La Fondation Mozilla a annoncé mercredi la renégociation de son contrat historique avec Google, dont nous avions expliqué la semaine dernière en quoi il s'était avéré être un véritable pacte avec le diable qui a nui à Mozilla et, plus grave, à la défense des valeurs du logiciel libre dans leur ensemble. Pour financer le développement de Firefox et de ses autres projets, Mozilla avait en effet accepté en 2004 de faire de Google le moteur de recherche par défaut dans Firefox, aidant à créer la pieuvre hégémonique que cherchent aujourd'hui à combattre des défenseurs du logiciel libre bien moins équipés et influents que Mozilla.
Après deux renouvellements du contrat publicitaire dont il était devenu extrêmement dépendant financièrement (il a représenté jusqu'à 85 % de son chiffre d'affaires), Mozilla devait de nouveau décider en cette fin d'année de la suite à donner à l'accord avec Google. L'occasion d'impulser peut-être une nouvelle stratégie.
Or la nouvelle stratégie reste principalement guidée que par les intérêts financiers propres de Mozilla, loin encore une fois de défendre les intérêts du logiciel libre comme peut le faire à son échelle l'association Framasoft avec Dégooglisons Internet.
La fondation a en effet choisi de remplacer Google par Yahoo aux Etats-Unis pendant une période de cinq ans (ce qui est certainement une confirmation de ce que Yahoo travaille à son propre moteur de recherche pour lui-même se défaire de sa dépendance à Microsoft), de remplacer Google par Yandex en Russie, et de conserver Baidu en Chine.
Mozilla conserve donc Google en Europe, alors que c'est en Europe que Google a de très loin la part de marché la plus faramineuse (92 % contre 77 % aux USA, selon Statcounter). C'est dire si Mozilla n'a absolument pas le souci de faire baisser l'ultra-domination de Google, mais uniquement celui de commencer à diversifier ses sources de revenus en multipliant le nombre de partenaires commerciaux.
LA CENSURE PROPOSÉE PAR DEFAUT EN CHINE
Mais il y a pire encore. Qu'est-ce qui, dans la philosophie dont prétend se couvrir Mozilla, justifie le fait d'imposer Baidu comme moteur de recherche par défaut en Chine, alors que l'on sait Baidu censuré et surveillé par le régime chinois ? La question peut aussi se poser concernant Yandex dont l'indépendance à l'égard du régime de Vladimir Poutine reste largement ouverte.
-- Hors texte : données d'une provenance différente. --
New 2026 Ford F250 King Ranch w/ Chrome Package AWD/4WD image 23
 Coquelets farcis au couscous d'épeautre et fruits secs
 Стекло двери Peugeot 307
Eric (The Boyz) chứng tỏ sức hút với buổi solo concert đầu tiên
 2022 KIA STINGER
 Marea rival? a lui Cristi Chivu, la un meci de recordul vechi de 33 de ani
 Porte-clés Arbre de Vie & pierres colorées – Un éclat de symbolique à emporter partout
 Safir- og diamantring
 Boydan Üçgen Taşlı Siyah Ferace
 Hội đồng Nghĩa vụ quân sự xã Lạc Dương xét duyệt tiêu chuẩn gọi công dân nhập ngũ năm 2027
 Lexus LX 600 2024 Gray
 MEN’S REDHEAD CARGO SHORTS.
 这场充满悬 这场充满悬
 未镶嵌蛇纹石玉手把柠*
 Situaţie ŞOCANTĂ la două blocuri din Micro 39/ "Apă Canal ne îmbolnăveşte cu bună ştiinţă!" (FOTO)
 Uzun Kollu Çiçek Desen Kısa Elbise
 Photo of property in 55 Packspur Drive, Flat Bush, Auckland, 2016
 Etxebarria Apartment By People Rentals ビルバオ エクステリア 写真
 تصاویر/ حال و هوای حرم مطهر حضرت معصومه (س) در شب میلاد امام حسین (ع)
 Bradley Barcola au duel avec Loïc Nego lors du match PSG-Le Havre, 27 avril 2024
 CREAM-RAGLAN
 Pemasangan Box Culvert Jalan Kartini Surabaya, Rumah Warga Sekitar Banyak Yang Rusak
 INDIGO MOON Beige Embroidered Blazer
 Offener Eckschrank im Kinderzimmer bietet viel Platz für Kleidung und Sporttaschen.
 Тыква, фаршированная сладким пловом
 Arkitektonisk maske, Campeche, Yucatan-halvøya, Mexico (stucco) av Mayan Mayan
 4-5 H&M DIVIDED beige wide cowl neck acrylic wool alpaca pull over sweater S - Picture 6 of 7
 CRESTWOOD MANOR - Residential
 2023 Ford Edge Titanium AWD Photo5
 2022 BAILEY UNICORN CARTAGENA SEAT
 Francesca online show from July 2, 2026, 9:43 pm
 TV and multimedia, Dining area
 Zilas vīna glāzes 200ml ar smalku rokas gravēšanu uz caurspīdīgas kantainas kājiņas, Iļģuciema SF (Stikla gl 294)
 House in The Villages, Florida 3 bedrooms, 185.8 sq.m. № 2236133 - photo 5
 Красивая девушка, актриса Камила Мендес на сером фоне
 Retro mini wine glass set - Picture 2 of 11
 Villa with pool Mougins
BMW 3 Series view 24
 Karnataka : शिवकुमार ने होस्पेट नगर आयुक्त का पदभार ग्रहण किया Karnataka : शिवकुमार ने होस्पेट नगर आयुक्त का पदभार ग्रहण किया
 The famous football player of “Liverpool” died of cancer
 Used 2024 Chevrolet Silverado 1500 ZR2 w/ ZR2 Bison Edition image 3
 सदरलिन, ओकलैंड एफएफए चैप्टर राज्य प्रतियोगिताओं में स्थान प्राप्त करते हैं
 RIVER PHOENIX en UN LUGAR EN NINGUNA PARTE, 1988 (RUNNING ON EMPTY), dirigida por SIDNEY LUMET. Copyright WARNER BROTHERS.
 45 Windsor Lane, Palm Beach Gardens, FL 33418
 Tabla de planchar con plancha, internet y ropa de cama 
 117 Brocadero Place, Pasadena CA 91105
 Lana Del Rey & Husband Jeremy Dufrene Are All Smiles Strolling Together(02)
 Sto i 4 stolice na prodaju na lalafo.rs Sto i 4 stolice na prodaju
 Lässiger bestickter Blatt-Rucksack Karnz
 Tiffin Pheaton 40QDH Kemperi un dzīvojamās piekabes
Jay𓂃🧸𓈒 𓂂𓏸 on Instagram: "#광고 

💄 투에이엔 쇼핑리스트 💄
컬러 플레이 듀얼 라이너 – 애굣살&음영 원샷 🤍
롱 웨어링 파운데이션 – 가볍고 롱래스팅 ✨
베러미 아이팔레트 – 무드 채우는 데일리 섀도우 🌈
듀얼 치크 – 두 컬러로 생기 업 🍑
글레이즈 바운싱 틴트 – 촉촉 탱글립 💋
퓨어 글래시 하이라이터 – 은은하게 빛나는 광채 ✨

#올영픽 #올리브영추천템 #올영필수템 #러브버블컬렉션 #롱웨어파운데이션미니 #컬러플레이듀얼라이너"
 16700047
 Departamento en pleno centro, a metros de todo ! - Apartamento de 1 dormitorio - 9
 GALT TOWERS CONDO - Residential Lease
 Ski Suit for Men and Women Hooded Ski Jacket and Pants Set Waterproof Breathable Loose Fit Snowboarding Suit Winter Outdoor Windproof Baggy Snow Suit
Dans son billet de blog, Mozilla se couvre d'honneur en rappelant que lorsqu'il a "institué une option de recherche par défaut, nous avons rompu avec les standards de l'industrie en refusant les conditions commerciales qui demandaient l'exclusivité". Il insiste beaucoup sur le fait que Firefox propose toute une liste de moteurs de recherche alternatifs que les utilisateurs peuvent choisir comme moteur par défaut, en modifiant les paramètres.
Mais c'était la même chose pour Internet Explorer. Rien n'interdisait aux internautes d'installer un autre navigateur sous Windows. Or Mozilla sait mieux que quiconque l'aide immense que lui a apportée le Ballot Screen imposé par les autorités, qui obligeait Microsoft à proposer un autre navigateur, selon un ordre aléatoire.
C'est cette solution que les valeurs du logiciel libre auraient dû convaincre Mozilla d'adopter. Il aurait dû au minimum proposer aux internautes de choisir eux-mêmes, lors de l'installation de Firefox le moteur de recherche à utiliser, en donnant un caractère aléatoire aux options. Si les internautes européens choisissent de conserver Google ou si les internautes chinois choisissent de conserver Baidu, c'est alors leur choix libre et éclairé, et non la force de l'habitude héritée d'un paramétrage par défaut. Mais cette solution n'était sans doute pas conforme aux impératifs commerciaux de Mozilla, qui doit payer ses équipes de développeurs et de communicants à travers le monde.
"Notre mission est de promouvoir l'ouverture, l'innovation et la bonne santé du Web", affirme Mozilla sur son site internet, en présentant les 10 principes qui forment son manifeste. Le 9ème stipule que "l'investissement commercial dans le développement d'Internet apporte de nombreux bénéfices", et qu'un "équilibre entre les bénéfices commerciaux et l'intérêt public est crucial". Cet équilibre a-t-il été trouvé ? Pas sûr.